Your objective ▸ Faithfully repeat all of the records, as they are written below.
━━━ Data to use ━━━
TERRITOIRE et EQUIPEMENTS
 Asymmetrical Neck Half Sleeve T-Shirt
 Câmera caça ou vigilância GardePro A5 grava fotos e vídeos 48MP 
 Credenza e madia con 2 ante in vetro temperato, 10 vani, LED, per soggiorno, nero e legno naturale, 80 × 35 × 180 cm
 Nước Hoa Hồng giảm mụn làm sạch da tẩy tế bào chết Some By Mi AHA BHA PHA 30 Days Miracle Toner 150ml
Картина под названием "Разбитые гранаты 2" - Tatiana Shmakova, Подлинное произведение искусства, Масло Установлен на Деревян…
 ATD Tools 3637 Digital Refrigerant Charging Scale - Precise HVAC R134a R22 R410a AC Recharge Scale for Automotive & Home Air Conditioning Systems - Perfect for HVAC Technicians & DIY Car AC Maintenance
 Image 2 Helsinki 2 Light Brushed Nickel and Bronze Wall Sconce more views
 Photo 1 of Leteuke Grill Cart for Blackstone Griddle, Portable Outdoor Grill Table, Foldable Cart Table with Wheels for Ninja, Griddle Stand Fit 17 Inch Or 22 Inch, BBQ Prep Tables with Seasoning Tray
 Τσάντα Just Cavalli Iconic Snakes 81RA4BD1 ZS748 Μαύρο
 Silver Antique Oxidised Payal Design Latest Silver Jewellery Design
━━━
Answer below ▸
TERRITOIRE et EQUIPEMENTS
 Asymmetrical Neck Half Sleeve T-Shirt
 Câmera caça ou vigilância GardePro A5 grava fotos e vídeos 48MP 
 Credenza e madia con 2 ante in vetro temperato, 10 vani, LED, per soggiorno, nero e legno naturale, 80 × 35 × 180 cm
 Nước Hoa Hồng giảm mụn làm sạch da tẩy tế bào chết Some By Mi AHA BHA PHA 30 Days Miracle Toner 150ml
Картина под названием "Разбитые гранаты 2" - Tatiana Shmakova, Подлинное произведение искусства, Масло Установлен на Деревян…
 ATD Tools 3637 Digital Refrigerant Charging Scale - Precise HVAC R134a R22 R410a AC Recharge Scale for Automotive & Home Air Conditioning Systems - Perfect for HVAC Technicians & DIY Car AC Maintenance
 Image 2 Helsinki 2 Light Brushed Nickel and Bronze Wall Sconce more views
 Photo 1 of Leteuke Grill Cart for Blackstone Griddle, Portable Outdoor Grill Table, Foldable Cart Table with Wheels for Ninja, Griddle Stand Fit 17 Inch Or 22 Inch, BBQ Prep Tables with Seasoning Tray
 Τσάντα Just Cavalli Iconic Snakes 81RA4BD1 ZS748 Μαύρο
 Silver Antique Oxidised Payal Design Latest Silver Jewellery Design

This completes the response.